Guns, Robots, and Supermen
The original solicited version of this cover was pretty cool, but the new version is even cooler! It pulls of the split image in a very unique way, and one that crafts an intriguing mystery. Is that Grifter in the past and the present, or is there someone else killed by Deathstroke the Terminator? Read this issue to find out! .... Or actually no. This issue never even comes close to approaching the plot implied by the cover. Slade is still not Deathstroke, he isn't turning against his team, the entire issue takes place in the past just like all the other issues. What happened to that much more interesting framing plot where Deathstroke was confronting Lynch in the present for being a complete and utter snake? And the rise of... something. Spartan? I dunno but it was cool! And this issue seemingly drops that in favor of fleshing out the past more.
So the artwork in this issue is pretty inconsistent, with three different art teams one after the other. At the VERY LEAST I'm glad it changes in waves rather than erratically and sporadically throughout the issue, but unlike last issue there's not plot justification as the story takes place entirely in the past. Pascal Alixe's artwork is exactly as good as I've come to expect from him, but he has a short show before Cliff Richards takes over, delivering work very different from what I'm used to from him.
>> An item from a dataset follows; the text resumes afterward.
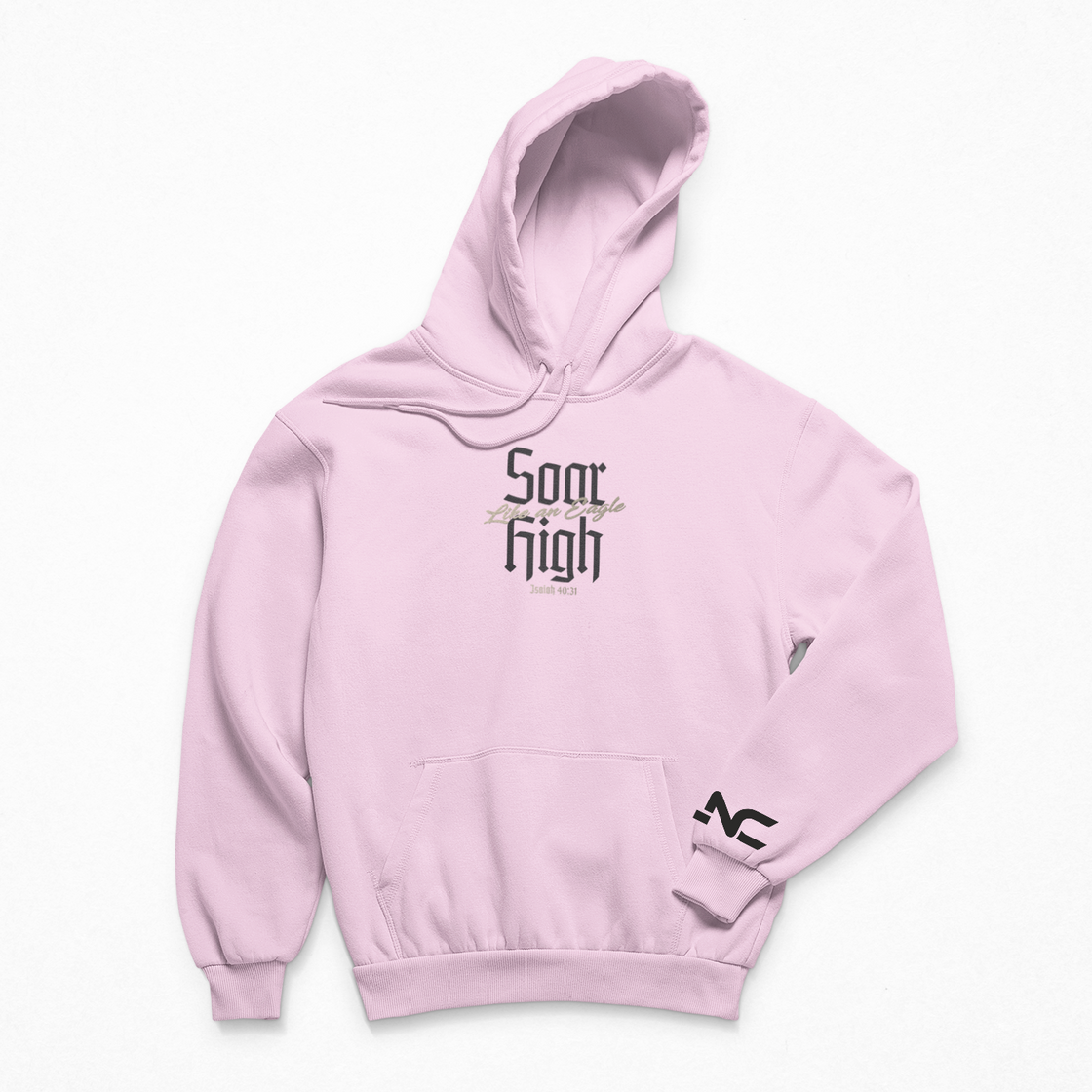 Soar High Hoodie - Pink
It's more dynamic, but feels a little rushed in the loose lack of details. The final pages by Gui Balbi and Juan Castro looks like someone trying and failing to emulate Rafael Albuquerque. It's stylized in a weird way, and contrasts quite a bit with the rest of the art.
Once again, this series doesn't seem to make any effort to distinguish the characters I'm not familiar with, and even some that I am. Slade of course stands out, as do Black Canary and Amanda 'so-called' "Waller", and I guess Alex Fairchild, but even Grifter kind of blends into the crowd here without his mask or any moments spotlighting any distinguishing personality traits. The only character who stand out in personality are Slade for being cold and pragmatic, Fairchild for being concerned about his daughter, and Amanda for..... caring way too much about everyone. I nearly threw up in my mouth reading here scenes in this issue. I was also very confused as to who the pilot was supposed to be. She looked like Ladytron from last issue, which was impossible, and then as she died and everyone yelled her name I realized she was Ramos. I had absolutely no idea Ramos was a woman this whole time. It wasn't a huge reveal or anything, just a testament to the confusing nature of this series and its paper-cut-out cast.
As this issue goes on, things start to get more and more confusing. Ladytron's completely gone, and Caitlin Fairchild is now a mindless robot/cyborg drone of sorts and Slade kills her. Except that's completely impossible since we know she's alive in the present. So all tension in that moment is completely gone. It doesn't feel like a hard choice was made because we KNOW it never comes to anything in the future. It's very easy to simply surmise that it must have been a replica killed here. And then the Wildstorm immigrants in the DCU appear to have taken over Cyborg-Superman's origin, which kind of bums me out. It negates a lot of the tragedy and insanity that lead to the Cyborg-Superman we know today, and the one who appears in Green Lantern which survived the relaunch with little to no retcons. ONE good thing comes of it in that it adds extra depth to the issue title on a very subtle level. A level only longtime readers of DC will get. The final scene is just odd. I think I get where it's going, but the weird blurry reveal of the final page just seems strange, like an anti-reveal of sorts.
In Conclusion: 3/5
This series dipped into 'bad' territory at the end of the first arc, and here its still not exactly reaching great heights, but it's not terrible, aside from the complete and utter bastardization of one of DC's best and most unique characters. There's some interesting seeds sewn in the past here, but some of them fall completely flat with the knowledge we have of the present. And things just start to get confusing and inconsistent as the issue progresses, leaving things in an awkward place by the end. But overall the series is just flawed at it's core. The cast is a bit too big, and too many team members blur together into empty bodies that I can't distinguish from one another or remember their names. And the action is 90% everyone shooting guns at everyone else.